Task instructions: Your copy of the listing must be exact and must hold no images.

The data:
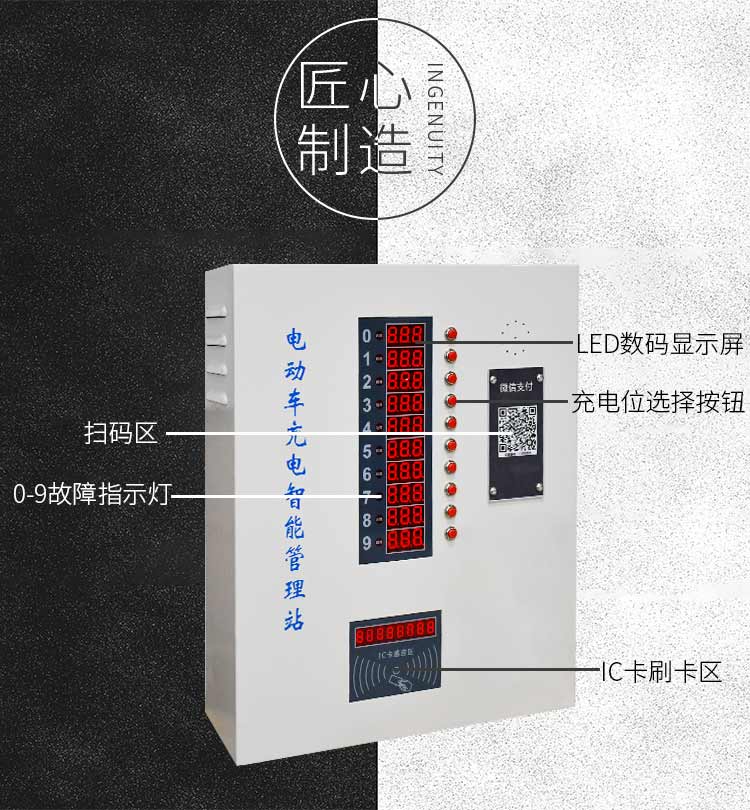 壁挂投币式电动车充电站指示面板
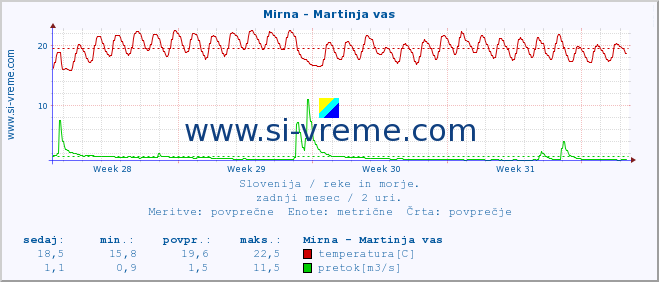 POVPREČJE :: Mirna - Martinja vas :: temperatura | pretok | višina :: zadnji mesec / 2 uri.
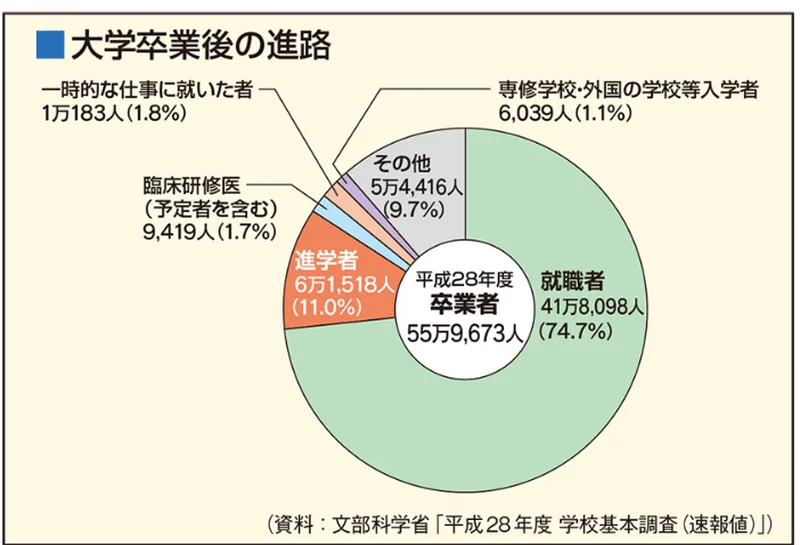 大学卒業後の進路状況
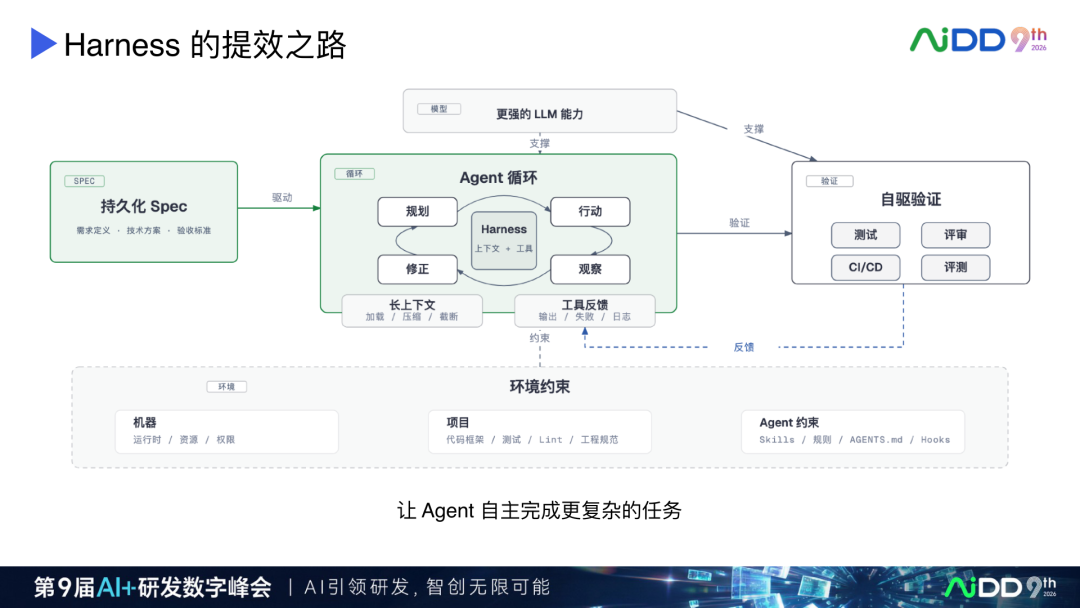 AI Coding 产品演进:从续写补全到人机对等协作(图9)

Result for this task:
 壁挂投币式电动车充电站指示面板
 POVPREČJE :: Mirna - Martinja vas :: temperatura | pretok | višina :: zadnji mesec / 2 uri.
 大学卒業後の進路状況
 AI Coding 产品演进:从续写补全到人机对等协作(图9)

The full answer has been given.